The organization recently sponsored a radio ad in one of the most most expensive and most watched state Senate races in the state, the District 35 races between GOP Sen. Jason Rapert and Democratic Rep. Linda Tyler, both of Conway. District 35 covers parts of Faulkner and Perry counties.
Like AFP, the Faith and Freedom Coalition is a nonprofit c-4-s and does not have to file campaign finance reports.
“There are still a lot of opportunities for us to make decisions with mail, with text messaging, with phone calls, and with radio,” Marx said, declining to say which legislative races the group is targeting.

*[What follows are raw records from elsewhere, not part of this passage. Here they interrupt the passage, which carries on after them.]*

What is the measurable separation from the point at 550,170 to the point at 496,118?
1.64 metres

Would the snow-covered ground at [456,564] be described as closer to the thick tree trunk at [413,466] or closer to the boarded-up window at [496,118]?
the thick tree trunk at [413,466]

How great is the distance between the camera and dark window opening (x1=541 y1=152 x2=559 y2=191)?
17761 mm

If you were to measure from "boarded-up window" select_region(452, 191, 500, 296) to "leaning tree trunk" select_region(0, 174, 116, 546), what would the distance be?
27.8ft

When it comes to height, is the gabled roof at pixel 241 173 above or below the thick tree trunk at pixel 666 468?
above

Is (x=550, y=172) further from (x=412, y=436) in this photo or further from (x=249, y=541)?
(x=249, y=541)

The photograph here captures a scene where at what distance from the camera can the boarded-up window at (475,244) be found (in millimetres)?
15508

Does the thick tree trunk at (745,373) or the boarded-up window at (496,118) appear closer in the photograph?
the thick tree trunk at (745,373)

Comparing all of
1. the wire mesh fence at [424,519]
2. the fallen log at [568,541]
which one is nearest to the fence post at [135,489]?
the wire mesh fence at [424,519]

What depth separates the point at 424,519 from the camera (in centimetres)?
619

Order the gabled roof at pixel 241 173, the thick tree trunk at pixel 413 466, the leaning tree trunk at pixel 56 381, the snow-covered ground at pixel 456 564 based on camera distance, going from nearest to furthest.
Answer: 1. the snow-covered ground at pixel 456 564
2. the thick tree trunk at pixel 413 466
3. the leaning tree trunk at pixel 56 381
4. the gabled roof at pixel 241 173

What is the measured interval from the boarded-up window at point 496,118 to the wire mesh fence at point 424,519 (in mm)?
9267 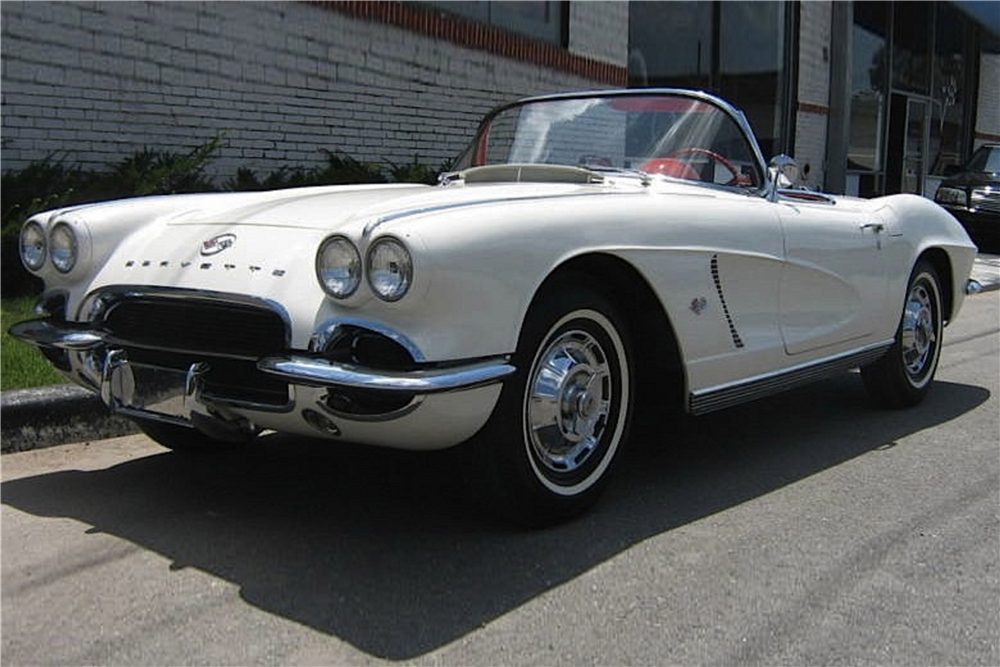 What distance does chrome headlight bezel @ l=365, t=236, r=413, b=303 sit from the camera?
272 centimetres

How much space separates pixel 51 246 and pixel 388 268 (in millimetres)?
1554

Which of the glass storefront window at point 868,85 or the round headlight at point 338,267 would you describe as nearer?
the round headlight at point 338,267

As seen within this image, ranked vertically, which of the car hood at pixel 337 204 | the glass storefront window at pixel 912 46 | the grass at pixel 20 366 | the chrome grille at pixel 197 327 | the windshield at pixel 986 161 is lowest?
the grass at pixel 20 366

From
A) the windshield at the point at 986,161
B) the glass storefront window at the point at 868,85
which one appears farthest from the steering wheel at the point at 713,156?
the glass storefront window at the point at 868,85

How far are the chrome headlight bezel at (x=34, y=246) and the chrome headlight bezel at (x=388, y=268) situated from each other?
1.52m

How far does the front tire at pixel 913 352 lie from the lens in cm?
513

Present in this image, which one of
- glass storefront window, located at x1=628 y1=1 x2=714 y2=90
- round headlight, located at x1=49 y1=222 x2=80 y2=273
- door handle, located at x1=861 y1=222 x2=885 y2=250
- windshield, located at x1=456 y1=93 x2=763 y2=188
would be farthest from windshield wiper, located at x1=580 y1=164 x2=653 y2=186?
glass storefront window, located at x1=628 y1=1 x2=714 y2=90

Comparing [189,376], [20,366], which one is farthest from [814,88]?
[189,376]

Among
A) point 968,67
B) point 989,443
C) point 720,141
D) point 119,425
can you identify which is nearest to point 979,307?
point 989,443

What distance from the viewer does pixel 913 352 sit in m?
5.31

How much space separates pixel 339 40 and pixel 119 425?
5193 mm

Rapert has raised $186,400 and spent $81,270, according to campaign contribution and expenditure reports filed in September. Tyler has raised $122,560 and spent $75,450, according to the reports.
An influx of out-of-state money aiding Republicans prompted formation earlier this year of the Naturally Blue PAC to raise money for Democrats targeted by the national groups.
In a news release announcing its efforts in support of Copenhaver’s House campaign, Nate Looney, president and board chairman of Naturally Blue charged that “a number of out-of-state groups … are trying to buy local races in Arkansas.”
Naturally Blue said it planned a statewide phone bank Tuesday to raise more funds for Copenhaver’s campaign.